Discover Nikkei

https://www.discovernikkei.org/en/interviews/clips/253/

Testing assumptions of Japanese scholars

You know, I was kind of concerned about the Japanese scholars studying the Japanese American experience, and trying to caution them to be careful about the assumptions underlying their framework. And I think it’s very important that they do these studies because they can tell you a lot from their perspective.

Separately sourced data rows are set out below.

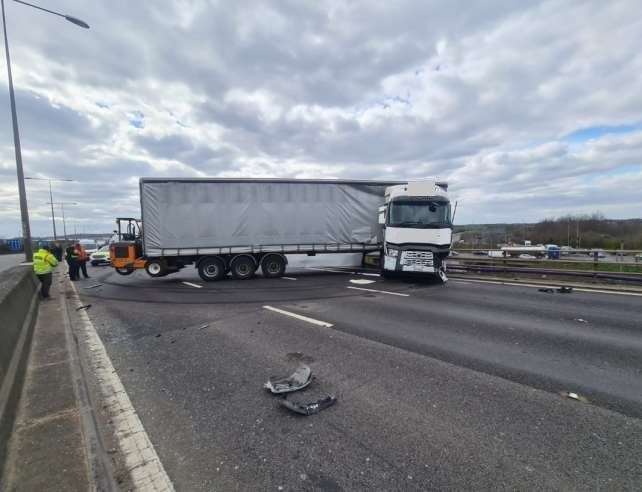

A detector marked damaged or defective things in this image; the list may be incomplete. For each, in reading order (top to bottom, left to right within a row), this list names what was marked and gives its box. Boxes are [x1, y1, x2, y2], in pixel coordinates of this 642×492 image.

broken plastic fragment [264, 366, 312, 396]
broken plastic fragment [282, 392, 338, 416]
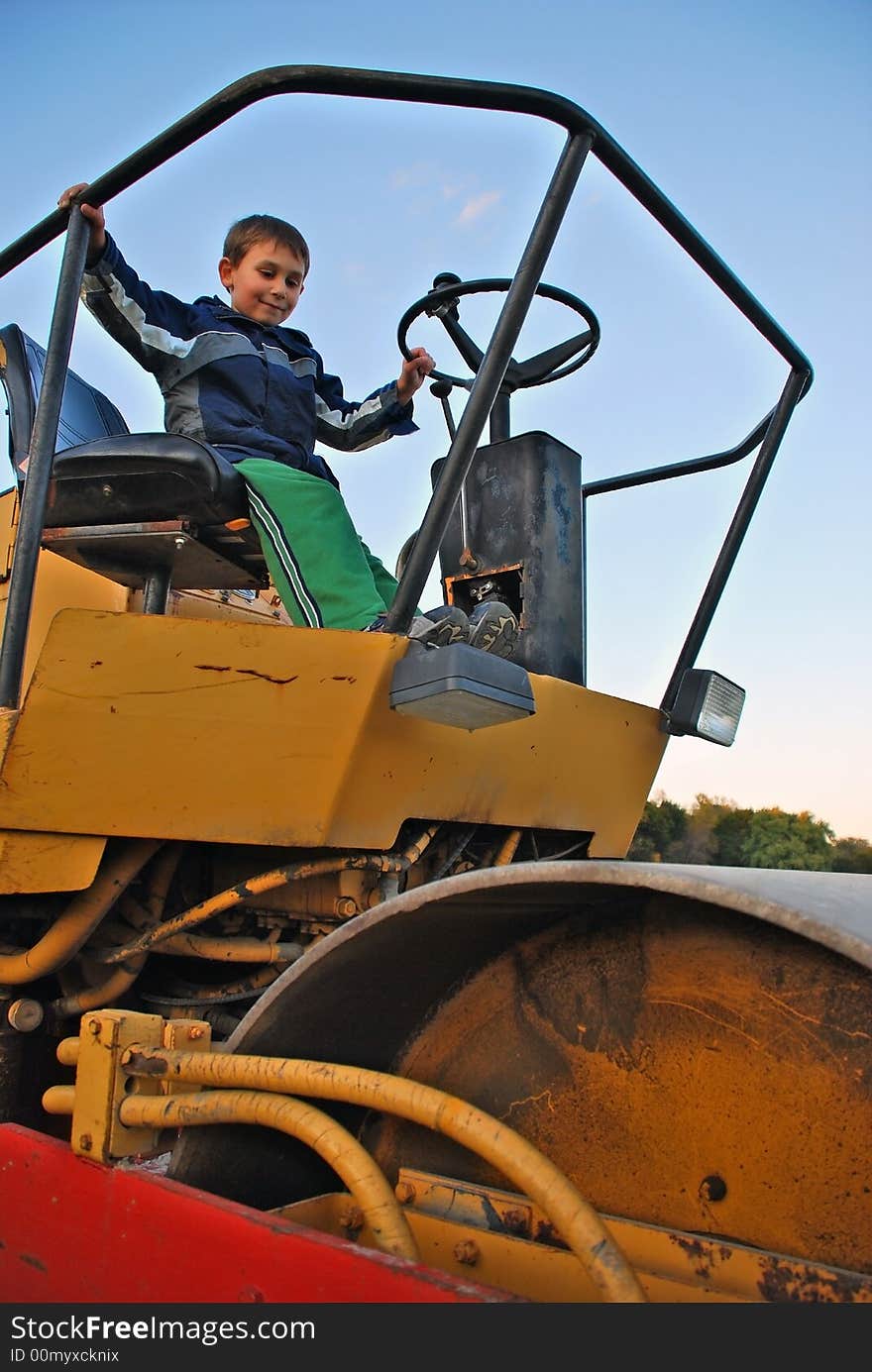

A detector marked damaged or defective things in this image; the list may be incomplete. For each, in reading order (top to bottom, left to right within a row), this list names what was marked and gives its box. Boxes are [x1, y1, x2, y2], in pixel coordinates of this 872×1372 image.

rusty metal surface [166, 856, 868, 1284]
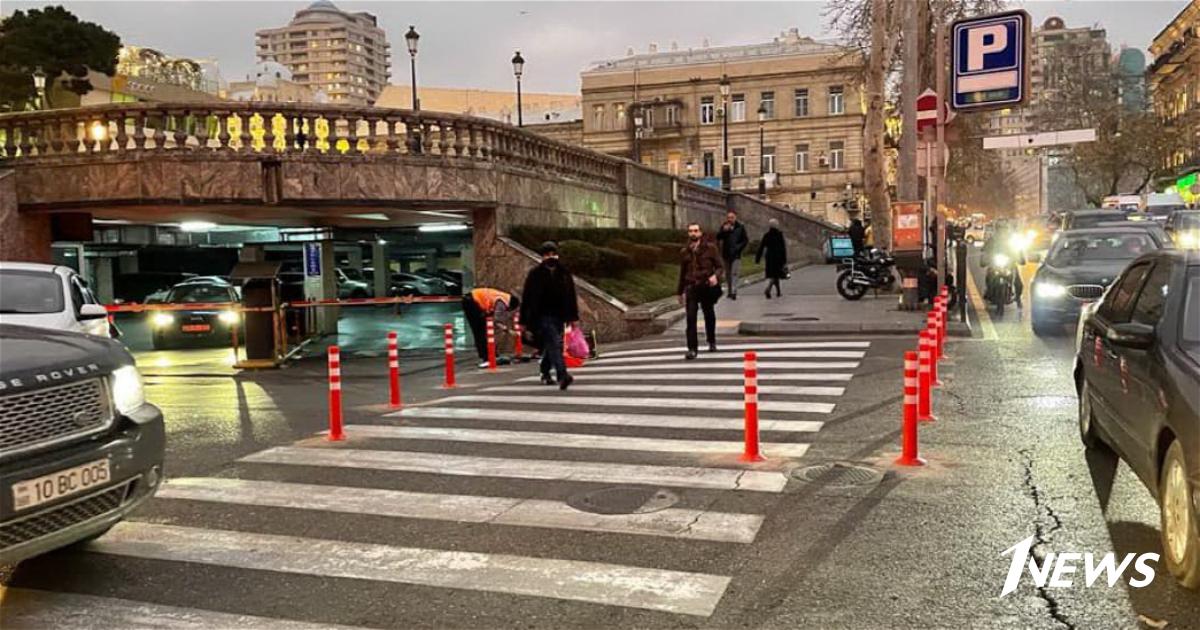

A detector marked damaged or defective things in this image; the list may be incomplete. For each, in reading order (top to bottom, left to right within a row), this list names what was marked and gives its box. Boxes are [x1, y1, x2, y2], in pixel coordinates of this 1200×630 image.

But, I was saying to them, for us it’s a matter of perspective and a matter of getting our own perspective on our own identity. And I says, “If you were looking for answers to the question of your own identity, would you start out with, suppose, Ruth Benedict’s Chrysanthemum and the Sword?” I said, “That was done during the wartime with a very eminent anthropologist interviewing Japanese Americans about the Japanese identity.” And I says, “If you really wanted to get a line on your own identity, would you start out with a book like that?” I says, “It’s important for you to look at that book, but I’d certainly start out from your own perspective.” I says, “Your experiences in Japan and your scholarship training have various kinds of assumptions, so that if you’re studying the immigrant population of the Japanese all over the world, then test your own assumptions.”


education identity Japanese Americans

Date: January 7, 2004

Location: California, US

Interviewer: Art Hansen

Contributed by: Watase Media Arts Center, Japanese American National Museum.

Interviewee Bio

James Hirabayashi, son of hardworking immigrant farmers in the Pacific Northwest, was a high school senior in 1942 when he was detained in the Pinedale Assembly Center before being transferred to the Tule Lake Concentration Camp in Northern California.

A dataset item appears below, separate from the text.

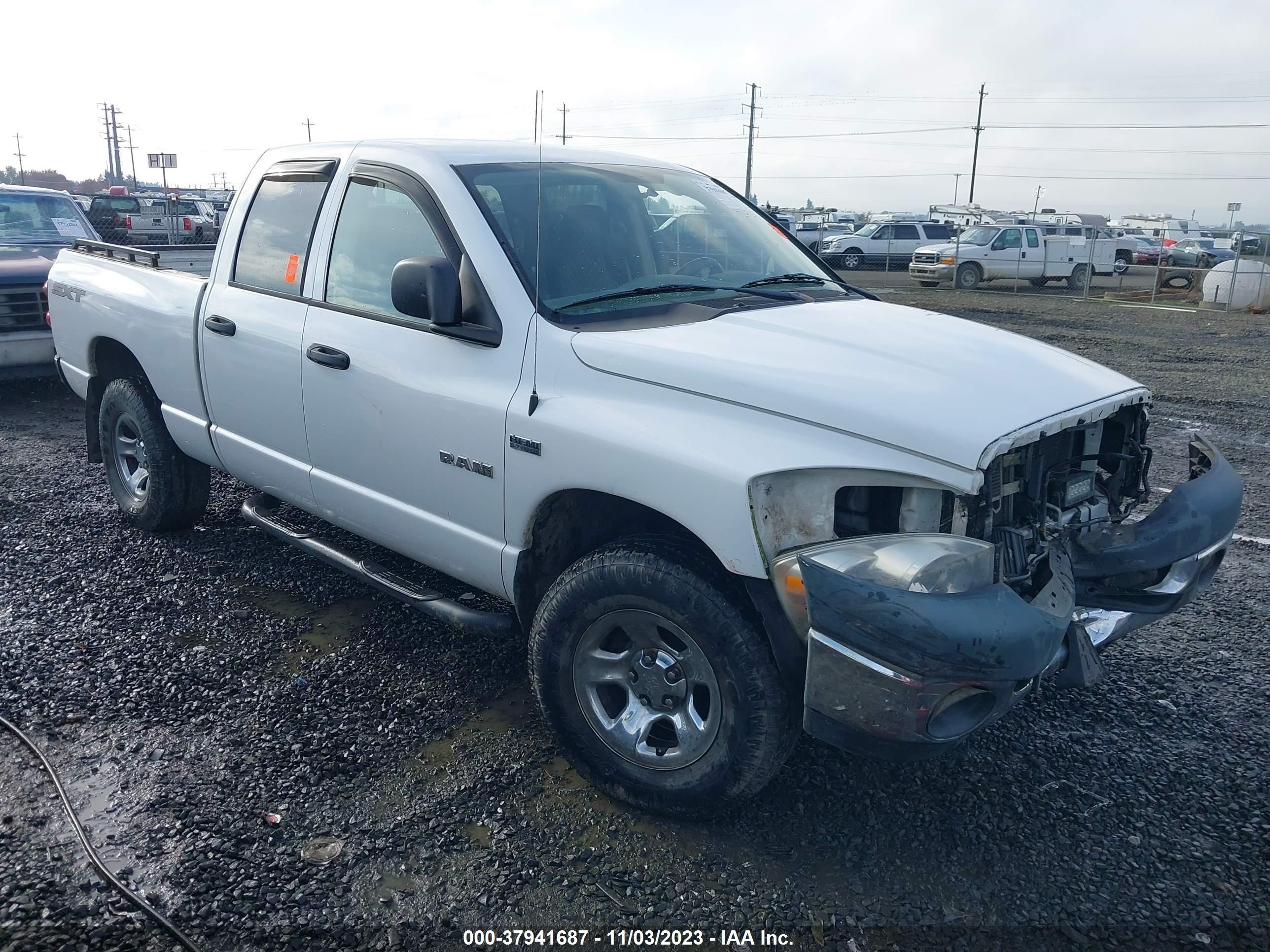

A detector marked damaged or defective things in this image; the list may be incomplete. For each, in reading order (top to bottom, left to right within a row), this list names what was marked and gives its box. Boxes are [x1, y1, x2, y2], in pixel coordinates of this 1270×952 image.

After World War II, he earned his Bachelor of Arts and Masters in Anthropology from the University of Washington, and eventually his Ph.D. from Harvard University. Dr. Hirabayashi is Professor Emeritus at San Francisco State University where he was Dean of the nation’s first school of ethnic studies. He also held research and teaching positions at the University of Tokyo, University of Alberta, Edmonton, Alberta, Canada, and Ahmadu Bellow Univerity, Zaria, Nigeria.